Records from a data source
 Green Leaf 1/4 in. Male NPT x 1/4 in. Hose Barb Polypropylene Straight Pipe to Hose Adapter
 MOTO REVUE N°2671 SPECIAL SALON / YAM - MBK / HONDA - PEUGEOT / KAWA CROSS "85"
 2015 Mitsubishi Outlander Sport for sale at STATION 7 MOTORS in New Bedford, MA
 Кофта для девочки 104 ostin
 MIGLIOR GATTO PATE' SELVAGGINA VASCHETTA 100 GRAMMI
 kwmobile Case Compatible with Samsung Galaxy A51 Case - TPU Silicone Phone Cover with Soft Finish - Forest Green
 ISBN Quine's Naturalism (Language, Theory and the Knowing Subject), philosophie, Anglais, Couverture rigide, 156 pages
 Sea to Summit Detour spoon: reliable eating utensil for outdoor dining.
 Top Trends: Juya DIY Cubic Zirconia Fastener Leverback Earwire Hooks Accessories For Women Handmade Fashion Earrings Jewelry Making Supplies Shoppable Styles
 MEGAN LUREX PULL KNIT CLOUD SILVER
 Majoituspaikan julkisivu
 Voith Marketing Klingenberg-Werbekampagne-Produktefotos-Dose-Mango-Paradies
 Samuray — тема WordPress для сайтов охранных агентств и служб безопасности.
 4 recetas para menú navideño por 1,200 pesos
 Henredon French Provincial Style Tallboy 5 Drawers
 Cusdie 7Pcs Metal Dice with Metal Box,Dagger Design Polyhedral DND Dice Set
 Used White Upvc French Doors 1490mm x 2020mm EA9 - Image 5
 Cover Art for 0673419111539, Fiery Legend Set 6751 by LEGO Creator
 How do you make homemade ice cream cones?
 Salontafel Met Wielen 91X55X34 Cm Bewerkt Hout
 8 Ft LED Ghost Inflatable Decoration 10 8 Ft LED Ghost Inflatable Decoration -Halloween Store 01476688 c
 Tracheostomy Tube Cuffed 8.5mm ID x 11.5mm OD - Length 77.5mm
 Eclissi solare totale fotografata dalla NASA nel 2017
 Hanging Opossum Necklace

### GOAL OF THE EXERCISE:
Write out each line exactly, starting with the line that contains "Eclissi solare totale" and stopping after the last line of the data.

### TASK RESULT:
 Eclissi solare totale fotografata dalla NASA nel 2017
 Hanging Opossum Necklace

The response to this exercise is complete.